Naquele ano, o prêmio máximo foi dado a um filme produzido
com pouco dinheiro, em preto e branco e com atores desconhecidos. Seu diretor
era um estreante e tinha apenas 28 anos. Mas a história narrada, sobre um
garoto mal-amado pelos pais, revolucionou o cinema mundial. Estamos falando do
cineasta francês François Truffaut e do clássico "Os Incompreendidos"

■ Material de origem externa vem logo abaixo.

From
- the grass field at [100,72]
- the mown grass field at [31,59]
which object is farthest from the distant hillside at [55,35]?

– e os dois entraram para a história porque, a partir daquele dia, passou a
existir um movimento chamado nouvelle vague. Nascida nas páginas da revista
Cahiers du Cinéma, essa "nova onda" reunia jovens diretores que
praticavam a crítica de filmes e seu ideário poderia ser resumido pela frase de
Jean-Luc Godard, o integrante mais polêmico do grupo, autor de
"Acossado": "O cinema é a verdade a 24 quadros por
segundo."
Sob esse lema, que condenava as superproduções afetadas,
feitas em estúdio e com diálogos literários, os jovens cineastas parisienses
partiam com suas câmeras para as ruas, onde filmavam pessoas comuns em seu
cotidiano banal. Era essa a revolução. Passados 50 anos e depois de a própria
porta- voz do movimento, a revista Cahiers du Cinéma ter sido vendida, o que
resta da nouvelle vague? Resta a chama, sempre renovada. É esse o pensamento do
diretor Walter Salles, autor de "Linha de Passe": "Toda vez que
um jovem realizador empunha uma câmera digital ou de 16 mm e reinventa uma
forma de narrar uma história, ele está continuando a revolução da nouvelle
vague." Segundo Salles, não haveria hoje diretores como o chinês Jia
Zangke e o argentino Pablo Trapero ou a nova geração de artistas romenos sem as
conquistas daquele movimento.
REBELDIA Jean-Pierre Léaud em
"Os Incomprendidos", filme premiado em Cannes
CASAL MODERNO Jean-Paul Belmondo
e Jean Seberg em
"Acossado"
MEMÓRIA Emmanuelle Riva e Eiji Okada
em "Hiroshima, meu
Amor"
E quais foram essas conquistas? A primeira era de ordem
técnica. Foi a partir do final dos anos 50 que inventaram negativos mais
sensíveis, câmeras mais leves e gravadores de som direto. Mas isso não
significaria nada sem uma autêntica vontade criadora. "A nouvelle vague
foi um sopro de ar fresco, a câmera na mão, os filmes Tri-X e o Illford que o
fotógrafo Raul Coutard usou em "Acossado", o corte descontínuo e,
acima de tudo, um desejo de romper com uma temática e uma gramática que não
diziam mais nada a toda uma jovem geração de cinéfilos e cineastas franceses",
diz Salles.
Aparece aqui outra conquista daquele movimento, a chamada
autoria: mesmo sendo fruto de uma atividade coletiva, um filme deveria ser a
expressão de uma mente criativa, ou seja, a do próprio diretor. Expressão essa
flagrante em obras como "Jules e Jim – uma Mulher para Dois", que
narra um triângulo amoroso durante a Primeira Guerra Mundial, ou em
"Hiroshima, meu Amor", de Alain Resnais, sobre uma mulher francesa
que se apaixona por um arquiteto japonês e se vê confrontada com as memórias de
seu amor por um soldado nazista. "Essa ideia de autoria, de um cinema com
personalidade, continua valendo.
Mas não deve ser contraposta ao cinema comercial. A própria
nouvelle vague foi um sucesso de público", diz o cineasta Karim Ainouz, de
"O Céu de Suely".
Talvez por isso, sempre que um grupo de jovens filma com
esse espírito a realidade à sua volta, logo se diz que ele inventou um
"novo cinema", ou seja, uma "nouvelle vague".